Ближе к вечеру того же дня
Первомайск, улица Шевченко
Дом Советов встретил Марину гулкой тишиной, торжественной, как в храме. По всей видимости, большинство служащих уже оставило свои рабочие места, переключаясь на домашние заботы. Задержались лишь те, кого не пускал избыток трудолюбия или долг.
Поднявшись на второй этаж, Исаева удивилась — внушительный стол у входа в горуправление КГБ пустовал, высвеченный тусклым бра, зато дверь стояла распахнутой настежь, пропуская веселые голоса.
Загодя улыбнувшись, девушка прибавила шагу, но лишь переступив порог огромной комнаты, уяснила причину веселья — полковник Олейник, капитан Славин и генерал-лейтенант Иванов окружили взъерошенного смуглого парня в потертом джинсовом костюме.
Хлопая глазами, Марина не сразу узнала Вальцева.
— Максим! — воскликнула она. — Вот это ничего себе!
— Привет! — осклабился «Майкл Зор». — Еле долетел! Из Гаваны в Касабланку, оттуда в Лондон, а там погода нелетная! Сели в Париже. Пришлось там и заночевать, нашли дешевый отельчик… Утром только вылетели в Союз, да и то с пересадкой в Вене!
— А ну, поворотись-ка, сынку, — подбоченился Олейник. — Экий ты загорелый стал!
— Тропики! — развел руками Вальцев. — Февраль на улице, а в Гаване плюс двадцать семь! Море — плюс двадцать пять!
— Накупался? — улыбнулась Марина.
— Еще как! Местные ежатся — холодно им, а нам — самое то!
В раскрытую дверь заглянул дежурный сержант с набитой авоськой, и встал по стойке «смирно»:
— Товарищ полковник, только «три звездочки»! А пирожки с капустой и с мясом. Горячие!
— Благодарю за службу, товарищ старший сержант! — зарокотал Василий Филиппович.

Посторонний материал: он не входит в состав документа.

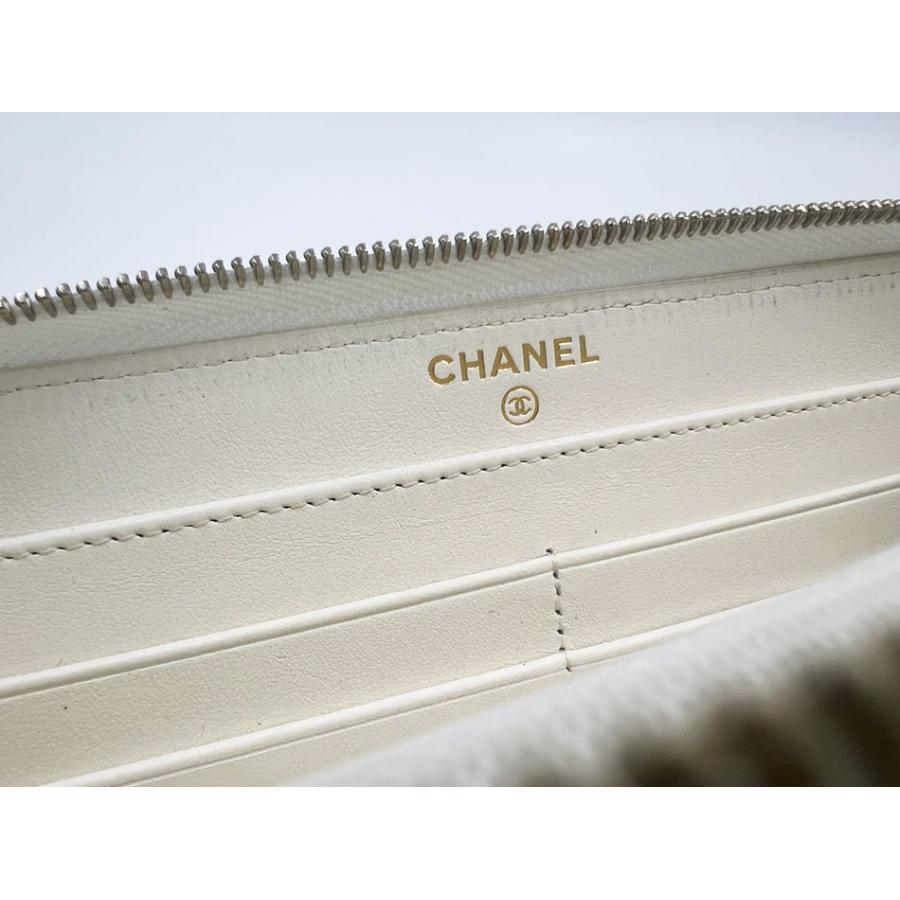 CHANEL（シャネル） キャビアスキン マトラッセ ラウンドファスナー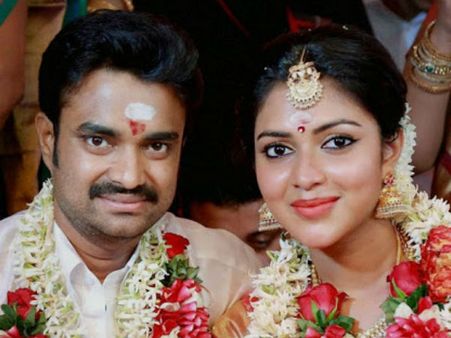 நடிகை மருமகள் ஆகலாம், ஆனால் மருமகள் நடிக்கக் கூடாதா?: என்ன கொடுமை சார் இது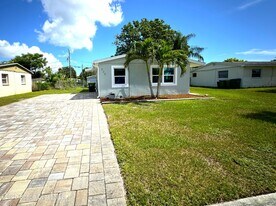 230 Crown Blvd in Melbourne, FL - Building Photo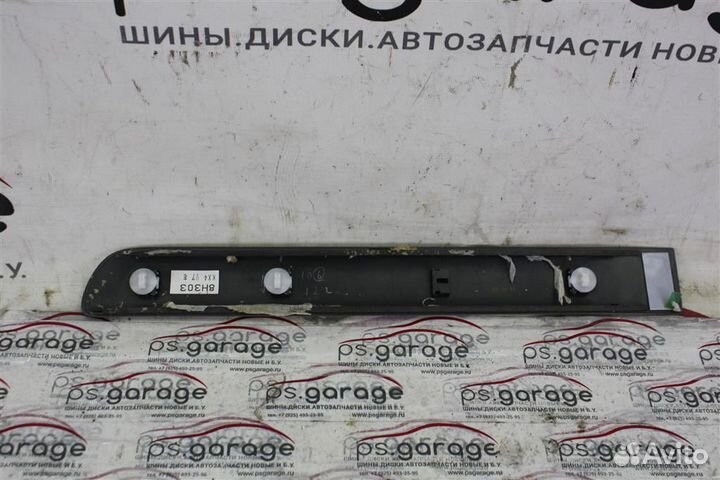 Молдинг двери задней правой Nissan X-Trail T30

Если бы бравый дежурный грянул: «Служу Советскому Союзу!», Исаева не удивилась бы, но сержанту хватило ума смолчать и тихонько прикрыть дверь за собой.

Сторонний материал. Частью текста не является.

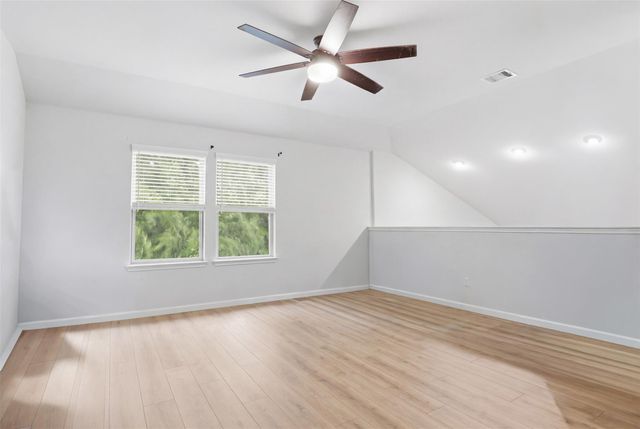 119 Duroc DR, Hutto, TX 78634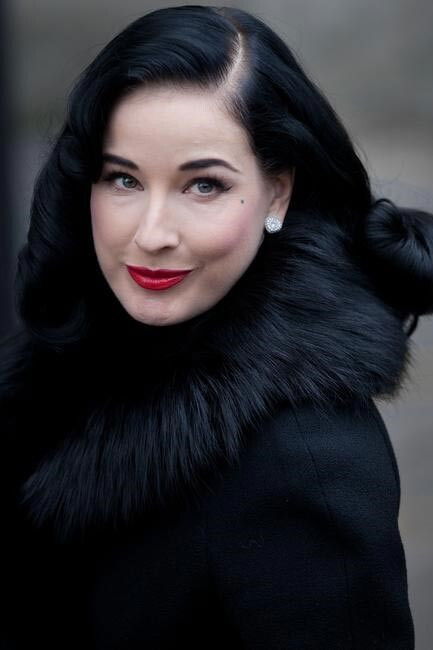 et billede af Suzanne Von Aichinger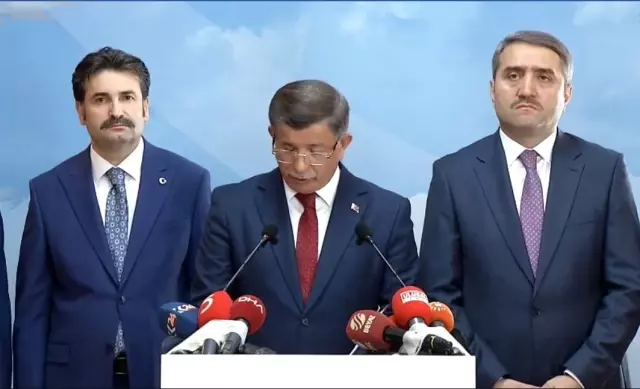 Davutoğlu, istifa metnini okumak için 5 isimle kamera karşısına geçti Davutoğlu, istifa metnini okumak için 5 isimle kamera karşısına geçti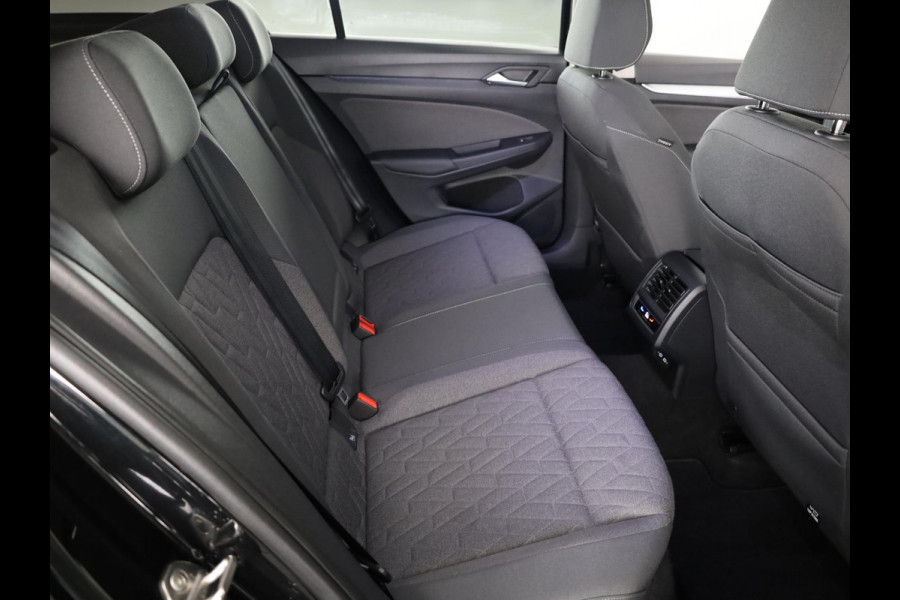 Volkswagen Golf 1.5 eHybrid Life Edition 204 pk Automaat (DSG) | Verlengde garantie | Navigatie via App | Parkeersensoren (Park assist) | Achteruitrijcamera | Adaptieve cruise control |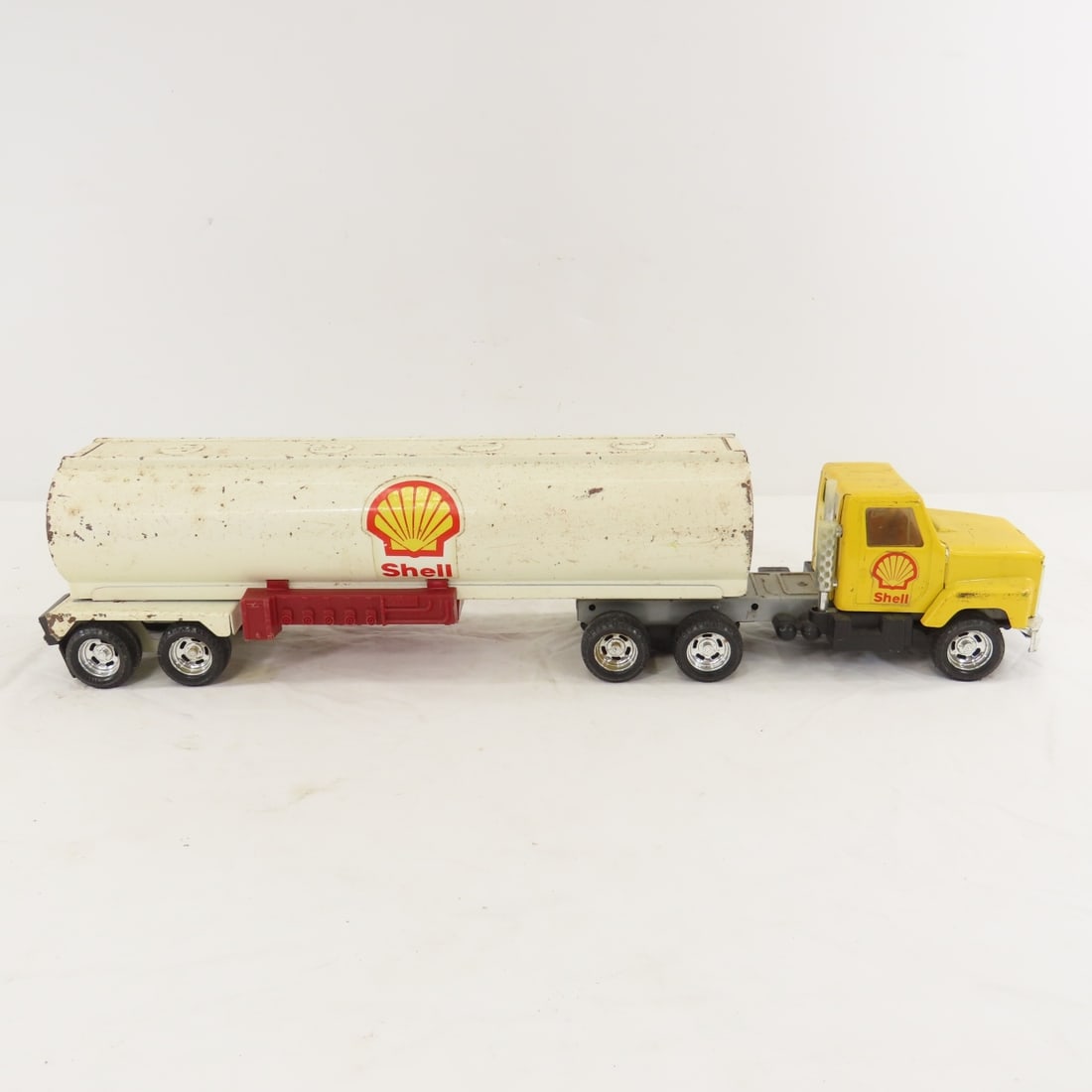 Original ERTL Shell Oil Truck & Tanker - 6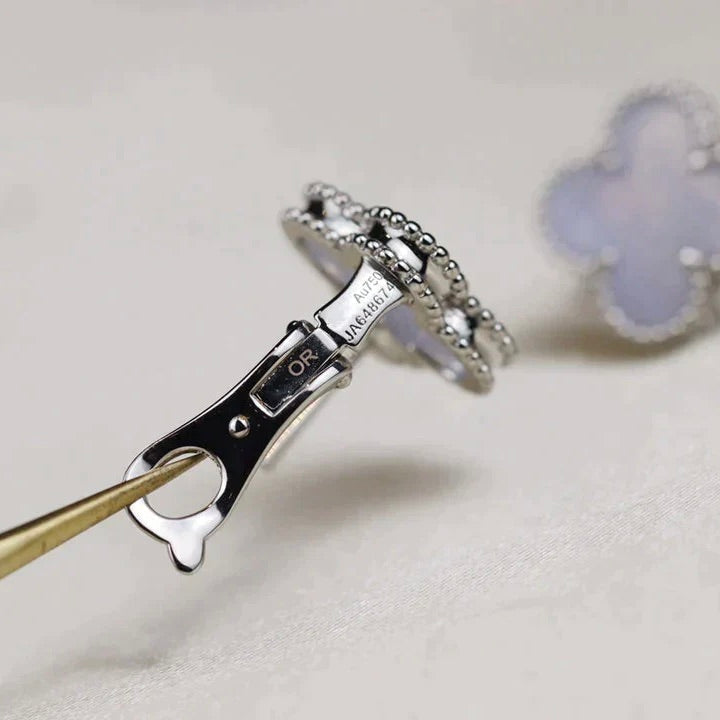 [Baslove]CLOVER MEDIUM 1 MOTIVE WEISS MOP OHRRINGE SILBER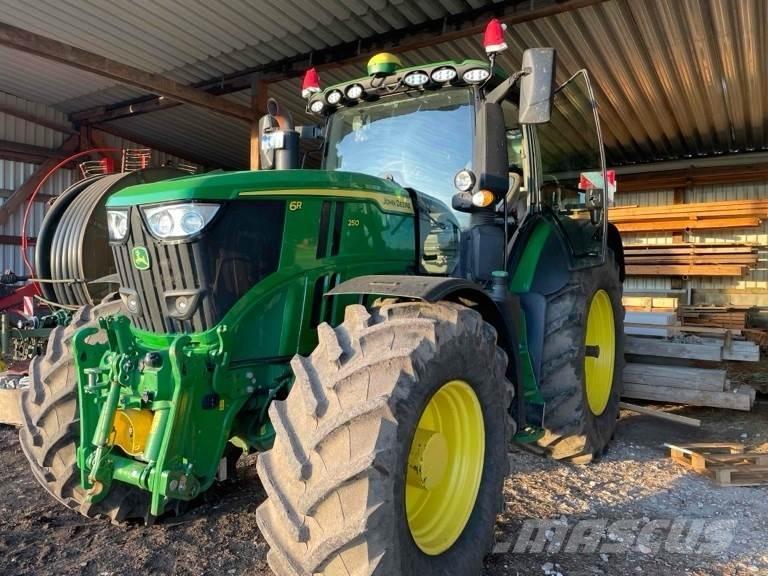 John Deere 6R 250 トラクター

— Приступим! — потер ладони Олейник.
На большом столе для заседаний стоял подносик под Хохлому — с непременным графином и набором стаканов. Славин живо расставил четыре граненых, глянул на Марину, ухмыльнулся, и добавил пятый. Откупорил бутылочку армянского, плеснул на полтора пальца, выложил пирожки…
— Ну, за возвращение! — поднял свой сосуд Иванов.
Стаканы сошлись с глухим стеклянным перестуком. Пригубив коньячок, девушка вцепилась зубами в теплый бок пирожка.
— Не стоит записывать операцию «Интеграл» в неудачи, — энергично высказался Борис Семенович, хватая закуску. — Пару месяцев президент Штатов все равно следовал рекомендациям Михи, да и сейчас, когда раскручивается предвыборная кампания, вряд ли он откажется от них. Иначе собьется с темпа! Хотя… Нам, в принципе, не важно, кто въедет в Белый дом — Форд или Картер. Лишь бы не Рейган!